Herr Kühnel machte die Bedeutung des Themas dieses Mittagsgesprächs direkt zu Beginn deutlich. Man stelle sich eine EU vor, in der Hunderttausende von Studierenden kein Erasmus-Stipendium erhielten, weil sich die Mitgliedstaaten nicht auf den Haushaltsrahmen einigen können. Mathias Jopp griff den Faden auf und akzentuierte den knappen zeitlichen Rahmen, wenn bis zu den Europawahlen 2019 der Mehrjährige Finanzrahmen (MFR) stehen soll. Zudem könnten „starke zentrifugale Kräfte innerhalb der EU“ die Verhandlungen zusätzlich erschweren. In diesem Zusammenhang verwies er auf den Brexit, europakritische Regierungen in der EU und die Ausbreitung des Populismus. In seinem folgenden Vortrag ging Botschafter Ossowski auf den Kommissionsvorschlag ein, erläuterte dazu die deutschen Prioritäten und verwies zuletzt auf die bereits detaillierteren Sektorverordnungen. Generell bezeichnete er den Vorschlag der Kommission als ambitioniert, aber auch als „guten Startpunkt“ für weitere Verhandlungen. Statt bisher 1% des Bruttonationaleinkommens der Staaten als Beitragszahlung für die EU zu verlangen, möchte die Kommission den Anteil auf 1,11% anheben. Das habe nicht nur mit dem Wegfall Großbritanniens als starken Nettozahler zu tun. Vielmehr stehe die Union vor entscheidenden makropolitischen Ausrichtungen bspw. in der Migrations- und Sicherheitspolitik, die moderne und flexible Lösungen verlangen. Daneben gehe es um die Vereinfachung der europäischen Investitionsprogramme, die bessere Verknüpfung zwischen Strukturreformen und Strukturfonds, oder die Veränderung der Berliner Formel, mit der die nationalen Umschläge in der Kohäsionspolitik berechnet werden: Ossowski unterstrich den Aspekt, dass durch den Wegfall Großbritanniens alle Länder in Zukunft einen höheren Beitrag zahlen müssten. Die EU-Kommission schlug zudem einen Rechtsstaatsmechanismus vor, mit dessen Hilfe die Kommission überprüfen könnte, ob EU-Ausgaben in einem rechtsstaatlichen gesunden Umfeld getätigt werden konnten. Deutschland begrüße hier die zugrundeliegende Überlegung, dass sich die EU auch weiterhin stärker als Wertegemeinschaft verstehen sollte. Generell machte er deutlich, dass die Bundesregierung sich offen zeige für viele Innovationen der Kommission. Wie immer sei Zeitdruck ein entscheidendes Element in den Verhandlungen. Wünschenswert wäre es allerdings, die Verhandlungen noch vor den Europawahlen 2019 abzuschließen.

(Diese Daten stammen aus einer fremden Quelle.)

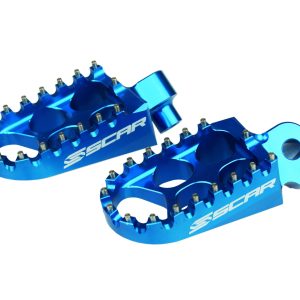 STANDARD FOOTPEGS BLUE 97-26 ALTA REDSHIFT FANTIC XE XX XEF XXF YAMAHA YZ WR TENERE 48mm SCAR S1211B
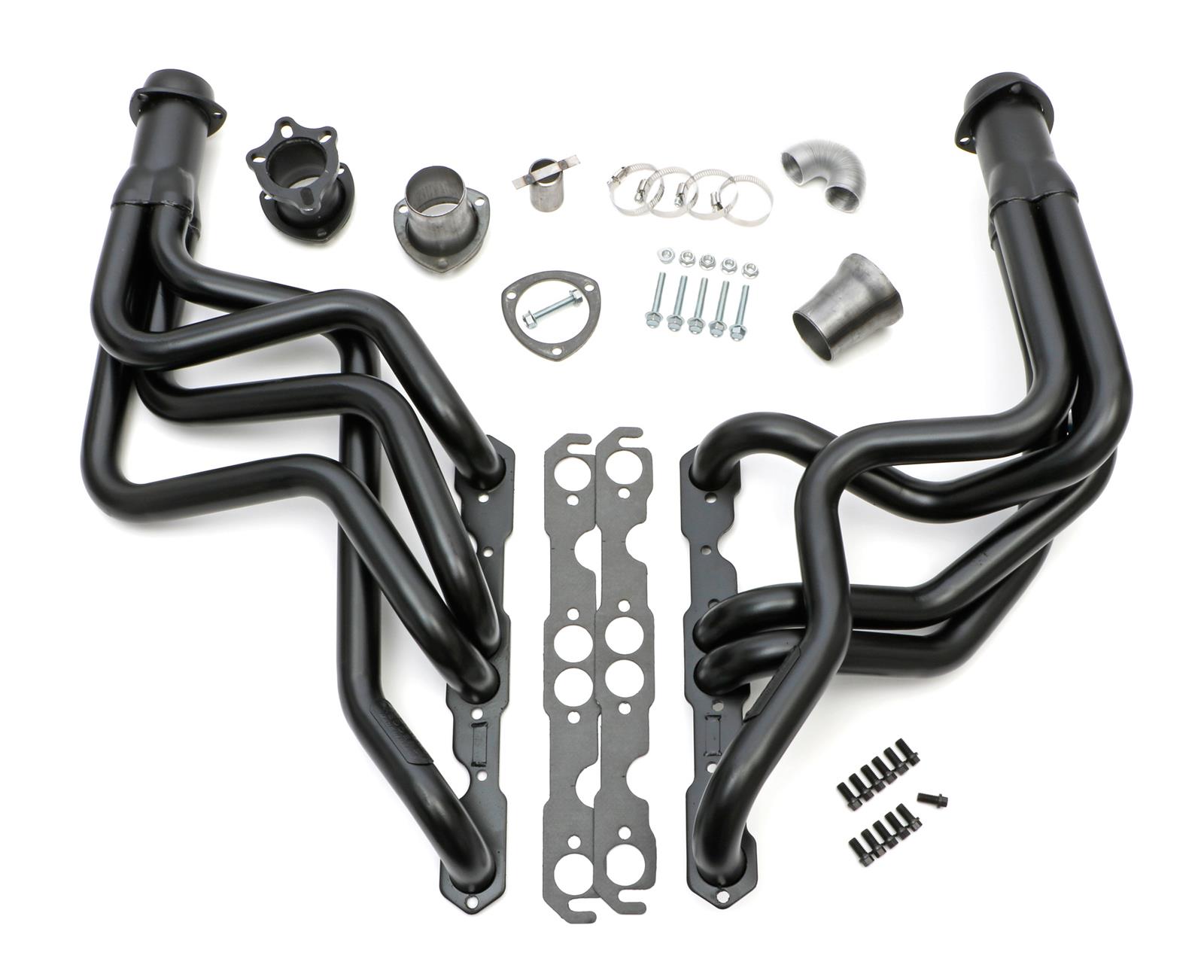 Hedman Street Headers 68297 Headers, Street, Long Tube, Steel, Temporary Paint, Chevy, Small Block, Pair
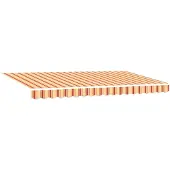vidaXL Uitschuifbare luifel Geel 400 x 200 cm Stof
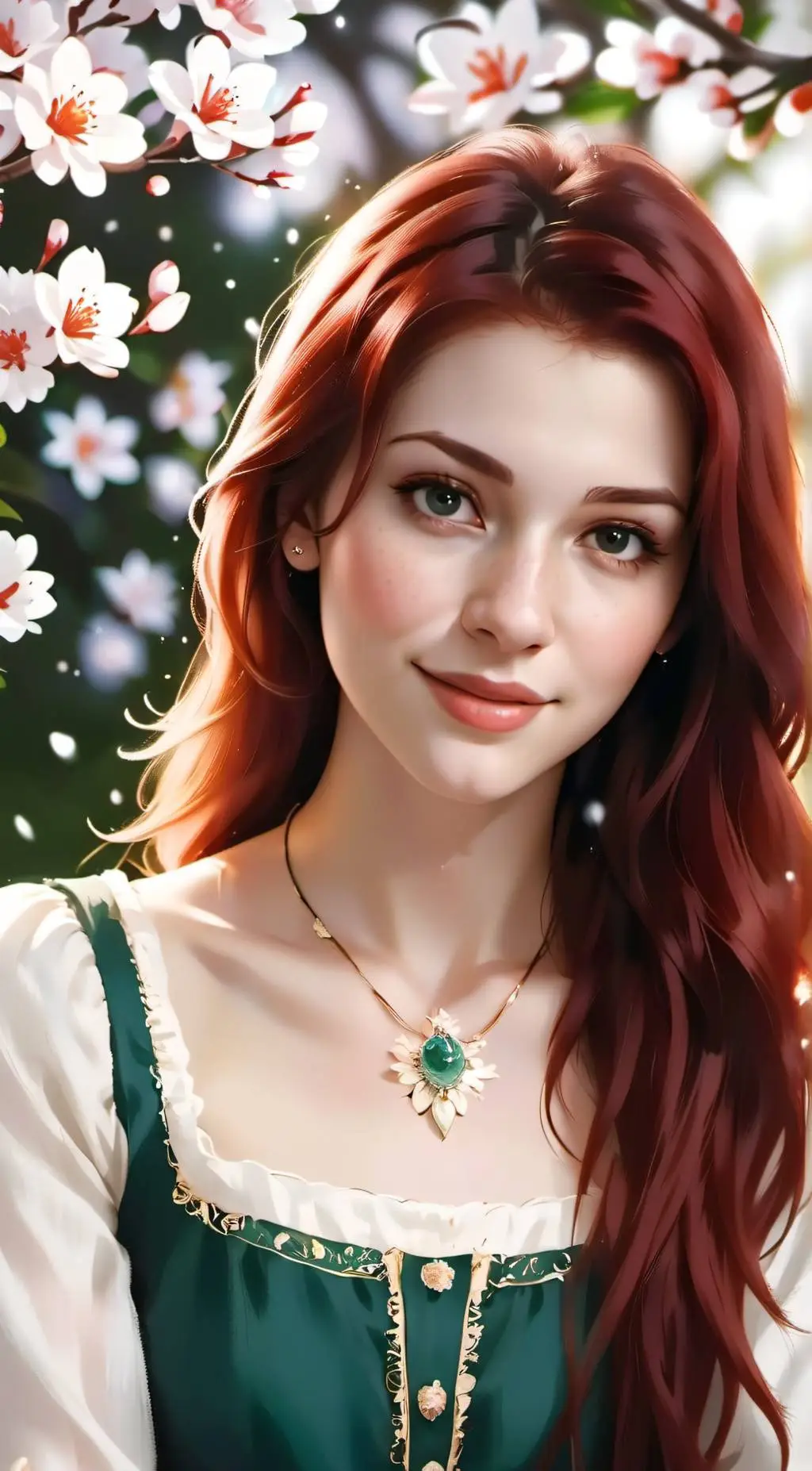 ai character: Lea background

In der darauffolgenden, angeregten Diskussion wurde häufig nach der Realisierbarkeit der Kommissionsvorschläge gefragt. Das Ausscheiden Großbritanniens wurde beispielsweise aufgegriffen und gefragt, ob die fehlenden Beitragszahlungen wirklich so einfach zu stemmen seien. „Wir haben keine andere Wahl“, entgegnete Ossowski, und betonte die Herausforderungen der internationalen Lage im 21. Jahrhundert und dass der MFR mit seinen Neuausrichtungen als Antwort hierauf zu verstehen sei. Kontrovers diskutiert wurde die Machbarkeit einer Kopplung der EU-Finanzhilfen an rechtsstaatliche Bedingungen in den Mitgliedstaaten.
Zusammengefasst stand dieses Mittagsgespräch erst am Anfang der Verhandlungen über den Mehrjährigen Finanzrahmen, so dass die Thematik noch eine ganze Weile einen zentralen Platz auf der europapolitischen Agenda einnehmen wird.